Honda Center vs. T-Mobile Arena: Old School vs. Modernistic
By ALAN SNEL
ANAHEIM — Like any arena, when the Honda Center opened in 1993 people gushed.
But now at 24 years old, an age when an arena is going to show its warts and wear, the home arena for the Anaheim Ducks is looking to keep up with the stiff arena competition around the country.
The Honda Center sits 17,174 at capacity, about 200 less than the capacity of T-Mobile Arena, which is less than two years old. But the similar hockey crowd capacities are where the similarities end. (Well, except for beer prices, too.) By the way, supervisors at Honda Center briefed servers that tonight’s crown would be SRO for Golden Knights vs. Ducks. Indeed, the crowd attendance was announced at 17,444.
The Honda Center’s exterior has an old-timey gymnasium look, with right-angles dominating the veneer while T-Mobile Arena has a giant modernistic flying saucer look with its signature bronzed exterior skin. The Ducks’ arena sits near the Angels’ MLB ballpark, while T-Mobile Arena sits behind New York-New York on the east side of I-15.
The Honda Center’s main concourse has a much lower ceiling (think Thomas & Mack Center’s concourse) than the central walkway around T-Mobile Arena, which has a much more open interior design and offers more varying seating options. In the southern California market, the Honda Center has a more cozy feel compared to the interior of mammoth Staples Center, the home arena of the rival Los Angeles Kings that has three levels of suites 30 miles to the north up Interstate 5.
The Honda Center’s interior design is symmetrical, with a lower bowl, a suite behind the top row of the lower bowl, a suite level and an upper bowl. There’s tan, brown and off-white tiles climbing nearly halfway up the concourse walls, offering an institutional look.
Honda Center is owned by the city of Anaheim, while T-Mobile Arena is privately owned by MGM Resorts International, Anschutz Entertainment Group (which owns the LA Kings, Staples Center and LA Live) and even Golden Knights owner Bill Foley (he owns 15 percent of T-Mobile Arena).
Honda paid $60 million for a 15-year naming rights deal to call the venue Honda Center starting in 2006.

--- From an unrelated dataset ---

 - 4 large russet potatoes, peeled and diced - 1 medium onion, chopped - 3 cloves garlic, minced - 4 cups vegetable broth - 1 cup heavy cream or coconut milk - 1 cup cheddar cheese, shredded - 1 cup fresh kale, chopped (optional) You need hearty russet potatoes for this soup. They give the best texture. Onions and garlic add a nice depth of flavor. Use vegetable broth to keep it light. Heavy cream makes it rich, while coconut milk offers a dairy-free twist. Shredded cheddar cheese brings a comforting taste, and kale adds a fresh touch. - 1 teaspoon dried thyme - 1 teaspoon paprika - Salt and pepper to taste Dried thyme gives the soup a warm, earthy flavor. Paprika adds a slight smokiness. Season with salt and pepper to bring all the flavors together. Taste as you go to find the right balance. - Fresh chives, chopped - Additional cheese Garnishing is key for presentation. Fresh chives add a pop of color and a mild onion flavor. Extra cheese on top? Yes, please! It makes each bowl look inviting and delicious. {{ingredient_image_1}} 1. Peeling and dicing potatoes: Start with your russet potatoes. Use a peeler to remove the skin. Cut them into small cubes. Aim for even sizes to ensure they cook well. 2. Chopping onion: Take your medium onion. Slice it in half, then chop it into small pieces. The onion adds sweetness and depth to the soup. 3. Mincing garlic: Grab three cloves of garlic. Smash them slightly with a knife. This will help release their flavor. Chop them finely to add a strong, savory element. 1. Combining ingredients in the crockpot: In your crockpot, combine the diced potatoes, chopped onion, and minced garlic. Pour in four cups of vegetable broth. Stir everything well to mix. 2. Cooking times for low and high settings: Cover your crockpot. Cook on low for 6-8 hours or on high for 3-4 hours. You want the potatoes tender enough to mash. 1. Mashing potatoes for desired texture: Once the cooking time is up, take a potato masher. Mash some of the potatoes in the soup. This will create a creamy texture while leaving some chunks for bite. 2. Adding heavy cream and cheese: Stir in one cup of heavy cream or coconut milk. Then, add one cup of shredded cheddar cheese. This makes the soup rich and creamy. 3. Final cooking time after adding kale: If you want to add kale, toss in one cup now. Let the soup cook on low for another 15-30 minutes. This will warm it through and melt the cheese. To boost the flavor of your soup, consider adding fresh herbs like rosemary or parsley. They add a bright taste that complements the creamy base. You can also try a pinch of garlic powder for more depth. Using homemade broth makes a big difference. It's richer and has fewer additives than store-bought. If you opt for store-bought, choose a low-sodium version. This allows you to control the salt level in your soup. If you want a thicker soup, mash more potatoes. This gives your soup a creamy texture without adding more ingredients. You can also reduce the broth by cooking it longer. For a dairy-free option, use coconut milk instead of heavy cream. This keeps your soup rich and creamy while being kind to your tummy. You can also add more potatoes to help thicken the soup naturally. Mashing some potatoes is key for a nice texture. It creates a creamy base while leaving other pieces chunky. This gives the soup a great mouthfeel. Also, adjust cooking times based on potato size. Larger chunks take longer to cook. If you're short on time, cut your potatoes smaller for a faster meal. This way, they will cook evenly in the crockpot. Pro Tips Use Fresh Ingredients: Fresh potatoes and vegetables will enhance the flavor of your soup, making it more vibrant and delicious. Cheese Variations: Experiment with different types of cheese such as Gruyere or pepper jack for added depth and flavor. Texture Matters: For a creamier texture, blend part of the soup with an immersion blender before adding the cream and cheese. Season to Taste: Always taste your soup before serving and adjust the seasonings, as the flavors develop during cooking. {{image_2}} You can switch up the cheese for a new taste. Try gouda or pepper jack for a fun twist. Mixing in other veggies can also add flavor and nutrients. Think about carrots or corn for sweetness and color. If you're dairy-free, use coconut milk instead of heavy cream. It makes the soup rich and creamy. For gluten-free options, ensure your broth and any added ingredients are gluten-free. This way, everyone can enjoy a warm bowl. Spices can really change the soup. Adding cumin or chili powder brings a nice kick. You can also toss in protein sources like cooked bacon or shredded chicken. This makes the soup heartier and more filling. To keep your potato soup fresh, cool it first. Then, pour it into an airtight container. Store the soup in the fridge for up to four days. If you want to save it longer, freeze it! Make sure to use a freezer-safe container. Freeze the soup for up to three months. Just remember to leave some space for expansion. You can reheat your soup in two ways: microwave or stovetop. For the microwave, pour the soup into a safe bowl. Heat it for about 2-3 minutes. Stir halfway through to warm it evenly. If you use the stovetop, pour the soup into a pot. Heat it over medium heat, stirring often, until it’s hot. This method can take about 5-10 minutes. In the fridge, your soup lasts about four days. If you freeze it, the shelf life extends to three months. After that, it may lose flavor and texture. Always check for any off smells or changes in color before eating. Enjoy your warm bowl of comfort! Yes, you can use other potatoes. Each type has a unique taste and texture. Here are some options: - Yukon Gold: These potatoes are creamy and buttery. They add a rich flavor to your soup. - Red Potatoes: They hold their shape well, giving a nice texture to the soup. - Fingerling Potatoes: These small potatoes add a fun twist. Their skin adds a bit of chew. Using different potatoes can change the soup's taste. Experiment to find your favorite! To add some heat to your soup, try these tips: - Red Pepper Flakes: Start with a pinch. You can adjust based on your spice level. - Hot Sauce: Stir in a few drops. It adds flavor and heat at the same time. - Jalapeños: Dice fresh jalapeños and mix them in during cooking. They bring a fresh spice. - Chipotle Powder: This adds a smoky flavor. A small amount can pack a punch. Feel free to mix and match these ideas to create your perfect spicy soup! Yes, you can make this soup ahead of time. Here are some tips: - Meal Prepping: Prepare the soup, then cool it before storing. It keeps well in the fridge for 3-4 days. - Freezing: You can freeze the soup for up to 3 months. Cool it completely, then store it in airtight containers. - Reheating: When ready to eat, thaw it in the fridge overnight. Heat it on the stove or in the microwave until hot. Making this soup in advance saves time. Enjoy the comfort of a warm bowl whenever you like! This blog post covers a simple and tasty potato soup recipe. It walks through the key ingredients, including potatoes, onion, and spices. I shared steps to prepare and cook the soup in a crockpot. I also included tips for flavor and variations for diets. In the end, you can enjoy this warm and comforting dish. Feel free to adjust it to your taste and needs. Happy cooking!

If you think $4 million a year is costly for a naming rights deal consider that your Las Vegas Convention and Visitors Authority just agreed to pay Howard Hughes, Corp., the owner of the Triple A Las Vegas 51s, the same amount — $4 million annually — for a 20-year naming rights deal to call the 51s’ new Summerlin venue, “Las Vegas Ballpark.” T-Mobile paid about $6 million a year for its naming rights deal at the arena in Las Vegas.
One big difference — the in-game entertainment.
There are no pre-game ceremony here like the sword and light show that happens before the Golden Knight games at T-Mobile Arena.
Also, it’s more quiet here at Honda Center, with no in-house produced videos like those that the Golden Knights’ staff generates. The Golden Knights entertainment crew is firing up music, showing crowd shots and highlighting drummer crew beats all game long. Few crowd scenes are on the center jumbotron here compared to T-Mobile Arena. Mostly music between action. The Honda Center does have an organist playing to offer that old-school hockey vibe.
But nobody puts on a hockey show like Las Vegas.